## Directions
After finding the line with "Easter Bunny Cookie", restate it and each remaining line of the material word for word, omitting every picture.

## Collected data
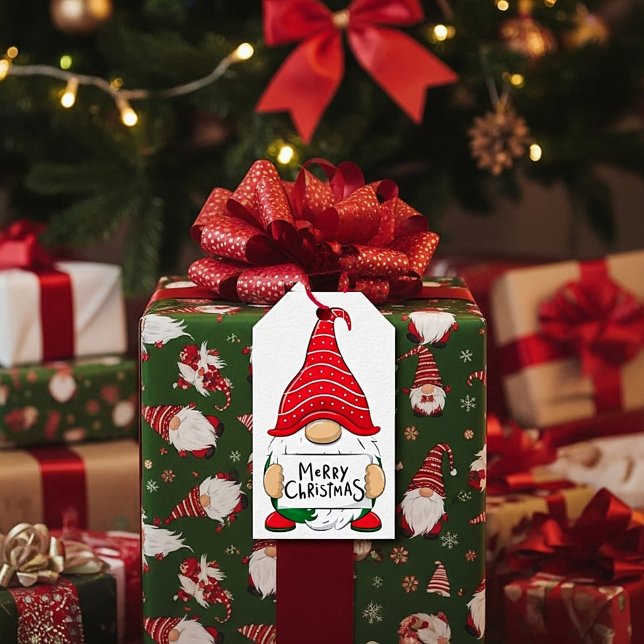 Etiquetas Para Regalos Gnomo de Navidad (Subido por el creador)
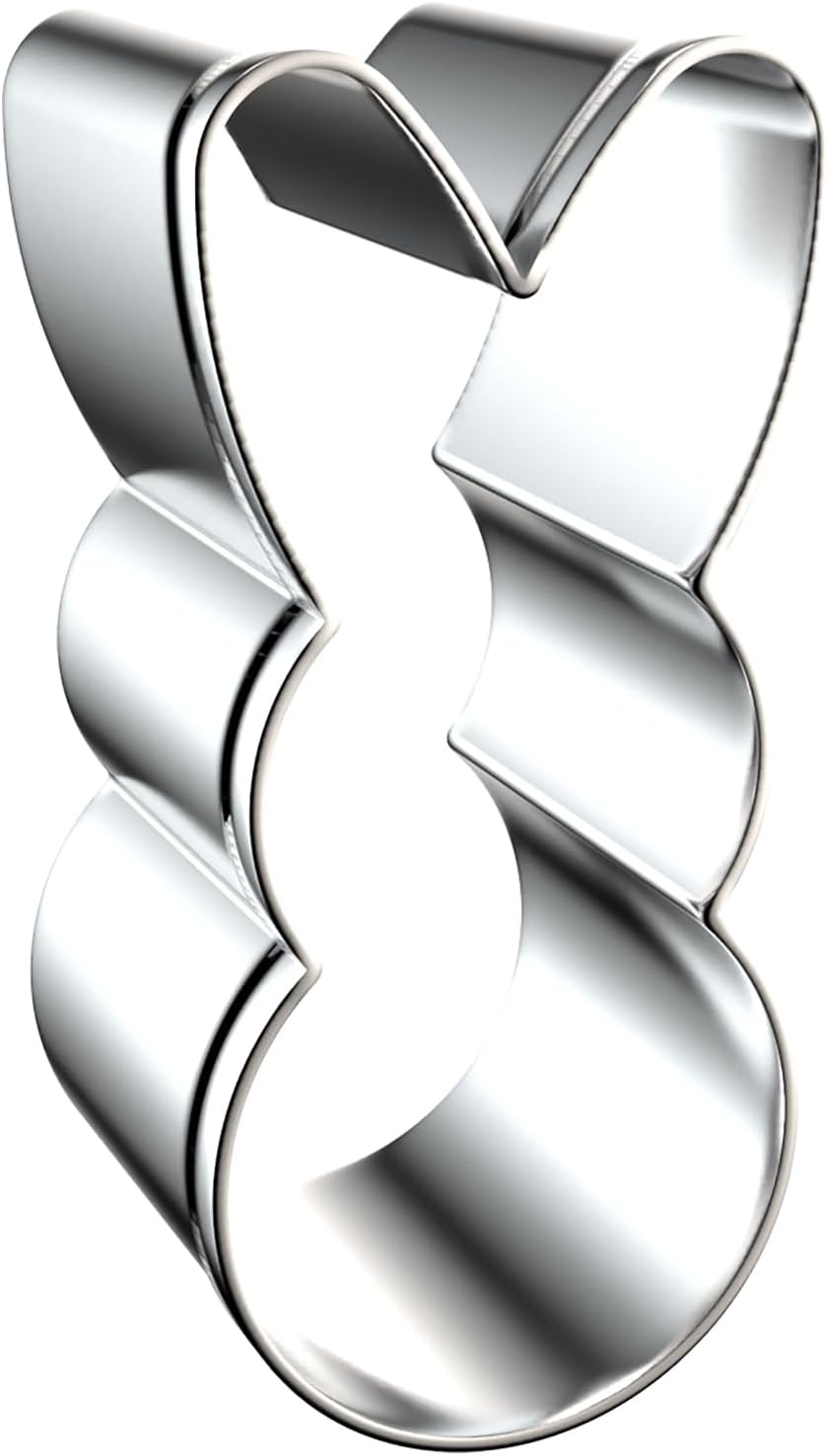 Easter Bunny Cookie Cutter Set - 5 inch, 4 inch, 3 inch, 2 inch - 4 Piece Large Rabbit Cookie Cutters Shapes Molds - Stainless Steel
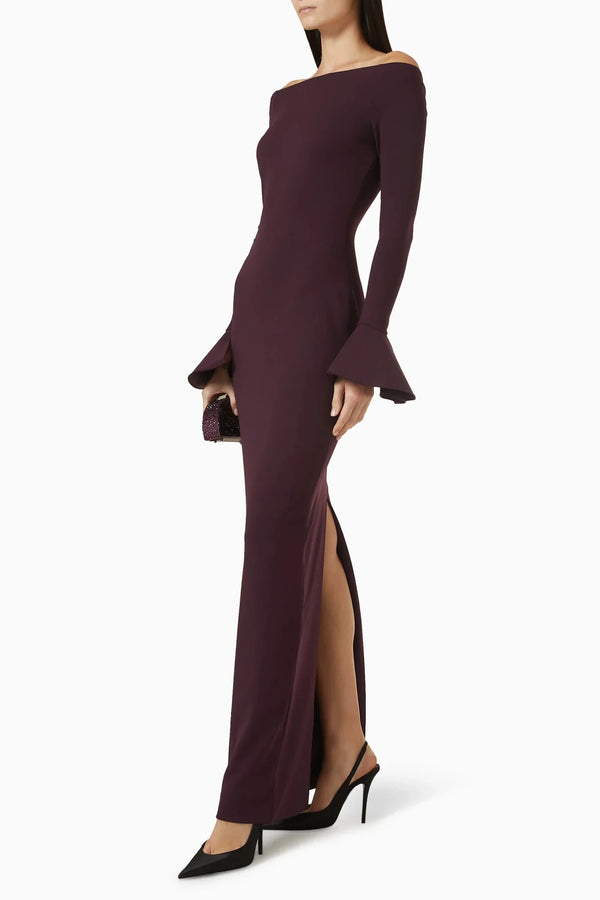 Anica Maxi Dress - ALBOUSHIYA - district 5 - dubai - riyadh - abaya - dresses - designers - evening wear - luxury - elegance - craftsmanship - gowns - cocktail dresses - collections - georges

## Solved exercise
 Easter Bunny Cookie Cutter Set - 5 inch, 4 inch, 3 inch, 2 inch - 4 Piece Large Rabbit Cookie Cutters Shapes Molds - Stainless Steel
 Anica Maxi Dress - ALBOUSHIYA - district 5 - dubai - riyadh - abaya - dresses - designers - evening wear - luxury - elegance - craftsmanship - gowns - cocktail dresses - collections - georges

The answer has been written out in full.